Task details:
Pictures excluded, copy all of the data below exactly.

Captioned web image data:
>>>>
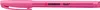 Textmarker - STABILO flash - 4er Pack - gelb, grün, blau, Produktbild-Vorschau 5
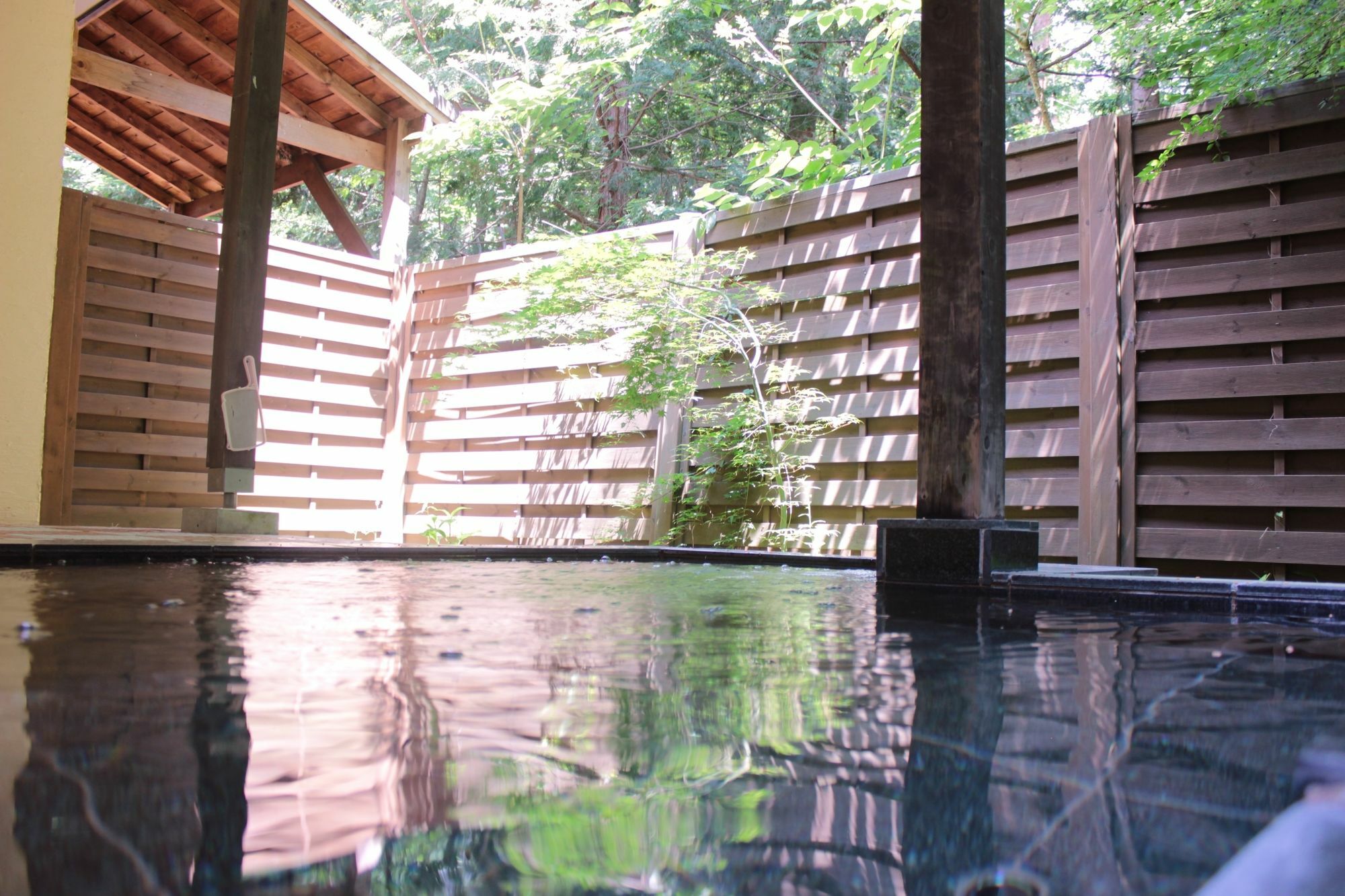 เพนชั่นกัสต์ฮอฟลูเมียร Hotel ฟูจิคาวากุจิโกะ ภายนอก รูปภาพ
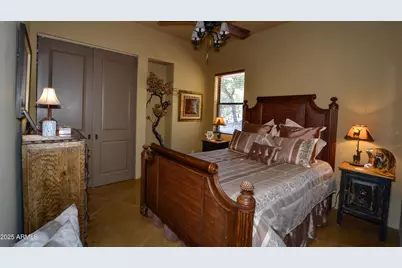 6682 W Windsong Lane, Pine, AZ 85544 - Photo 26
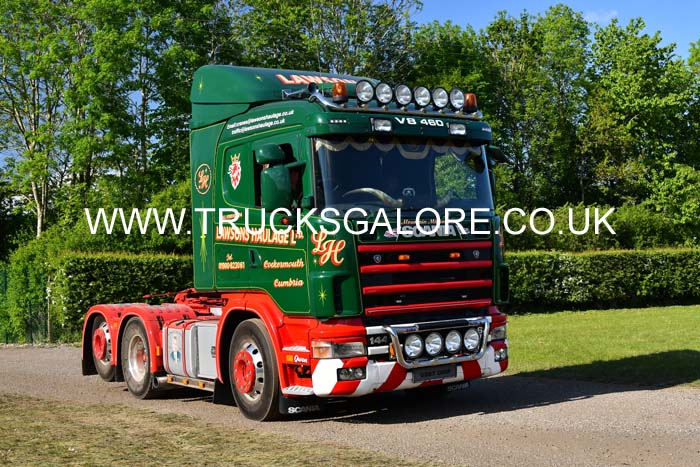 25Lc1202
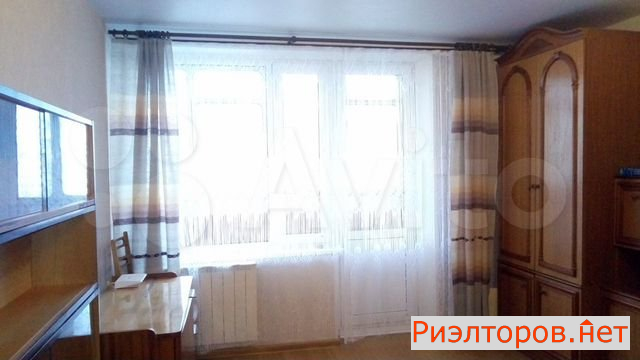     1312 ( 13)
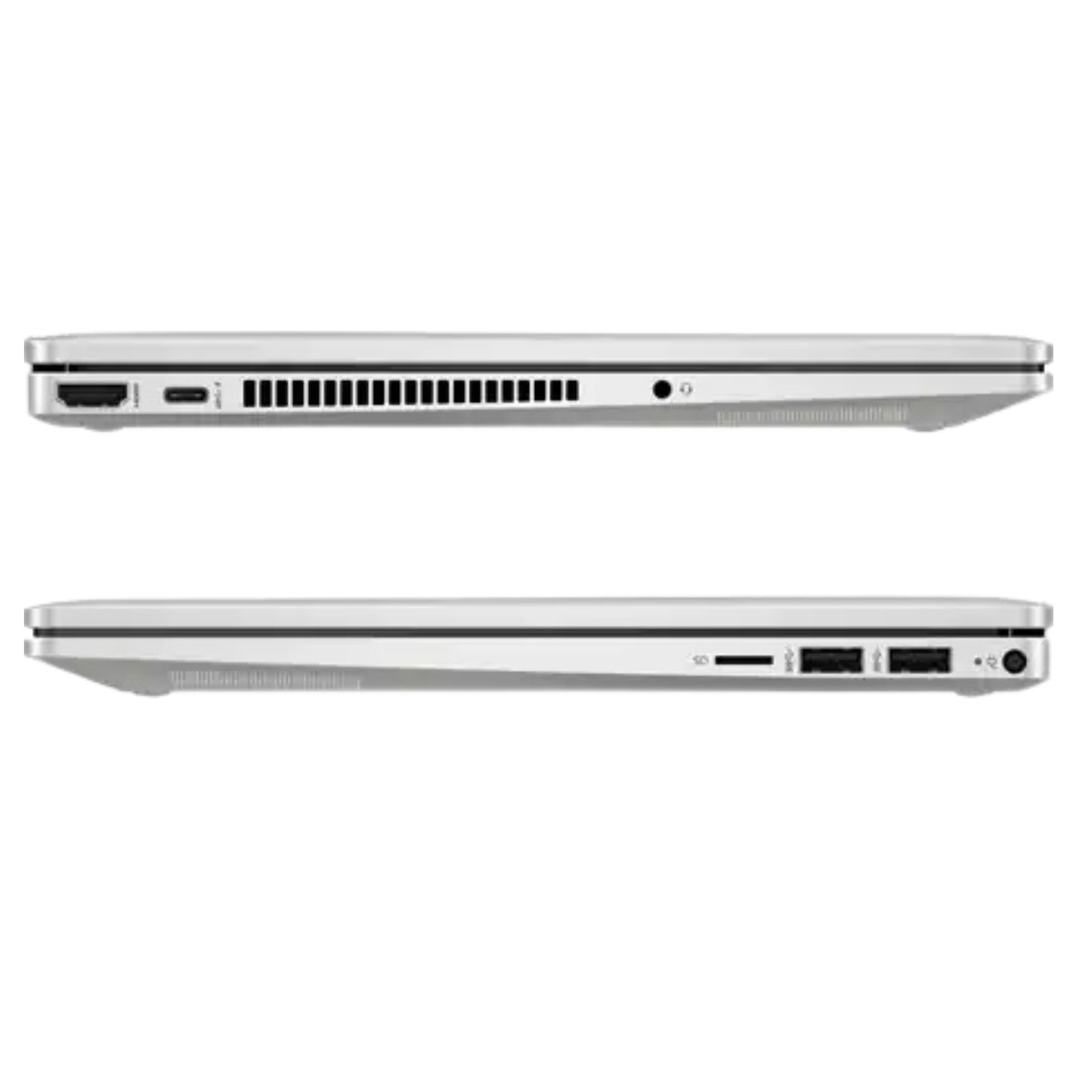 מחשב נייד HP Pavilion x360 14-ek1005nj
<<<<
Result of the task:
 Textmarker - STABILO flash - 4er Pack - gelb, grün, blau, Produktbild-Vorschau 5
 เพนชั่นกัสต์ฮอฟลูเมียร Hotel ฟูจิคาวากุจิโกะ ภายนอก รูปภาพ
 6682 W Windsong Lane, Pine, AZ 85544 - Photo 26
 25Lc1202
     1312 ( 13)
 מחשב נייד HP Pavilion x360 14-ek1005nj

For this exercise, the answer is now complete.